Lá atrás todos estavam fumando, mas ninguém ligava para isto, pois sabiam que, se perdessem o único motor do Humphrey e caíssem no oceano, durariam menos de 4 minutos antes que a hipotermia os levasse. Podia ser o último cigarro do condenado. Pousando ‘a inglesa”, Stanley conseguiu trazer todos a salvo ao Antrim.
Ele ganhou a DSO (Distinguished Service Order) por esta façanha. Dois dias depois, a mesma tripulação do “Humphrey” (LCMDR Stanley, LT Cris Parry, Sub Lietenant Stewart Cooper e Petty Officer David Fitzgerald) atacou o submarino argentino ARA Santa Fé , colocando-o fora de combate.
Pode-se afirmar que houve riscos altíssimos e uma conduta que beirou a temeridade naqueles dois dias na Geleira da Fortuna, mas não se pode deixar de lembrar que também ocorreram comoventes manifestações de solidariedade e fraternidade, além de demonstrações extremas de coragem e perícia aeronáutica. Ao decolar com 16 tripulantes num helicóptero monomotor em meio a nevasca e com baixíssima visibilidade, a tripulação do Comandante Stanley fez muito mais do que deles se poderia pedir, pois atuaram sincronizados como um autêntico “Band of Brothers”.

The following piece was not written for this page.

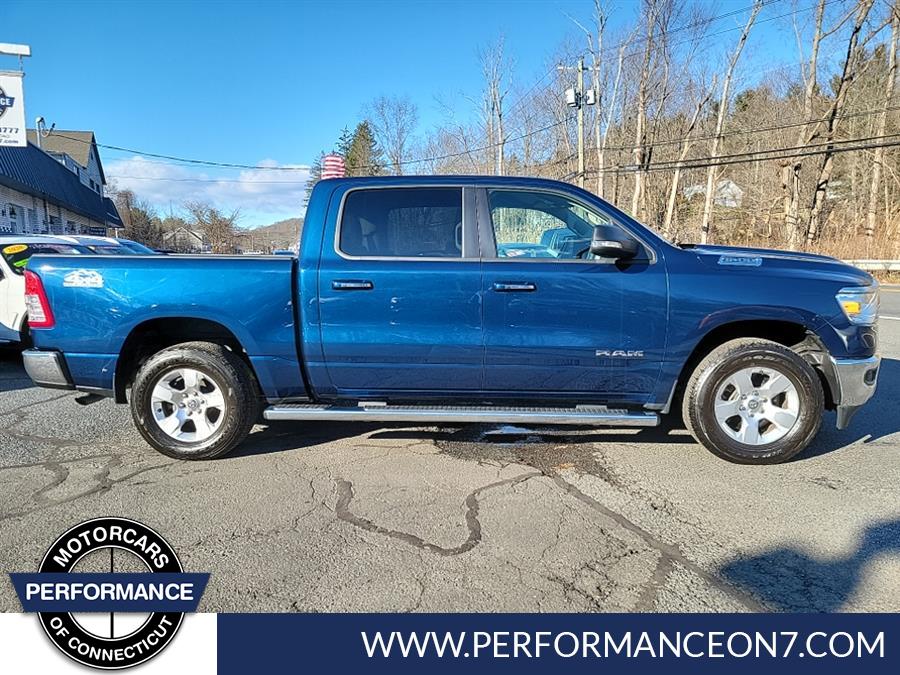 2019 Ram 1500 Big Horn/Lone Star 4x4 Crew Cab 5''7" Box, available for sale in Wilton, Connecticut | Performance Motor Cars Of Connecticut LLC. Wilton, Connecticut 2019 Ram 1500 Big Horn/Lone Star 4x4 Crew Cab 5''7" Box, available for sale in Wilton, Connecticut | Performance Motor Cars Of Connecticut LLC. Wilton, Connecticut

Eles mostraram a todos os combatentes das demais armas, sejam eles comandos, fuzileiros ou marinheiros, que a Royal Navy jamais medirá esforços para trazê-los sãos e salvos de volta ao navio.
Abaixo algumas fotos do “Humphrey”, que durante um ataque de “Daggers” argentinos, foi atingido por diversos disparos que produziram vários buracos que ainda hoje são visíveis. Na ocasião, os buracos foram tapados com fita adesiva e a aeronave voltou a voar sem problemas. O “Humphrey” se encontra preservado no Fleet Air Arm Museum.
Prezado Robinson.
Obrigado por suas considerações e elucidações sobre o assunto, sem duvida muito bem fundamentadas.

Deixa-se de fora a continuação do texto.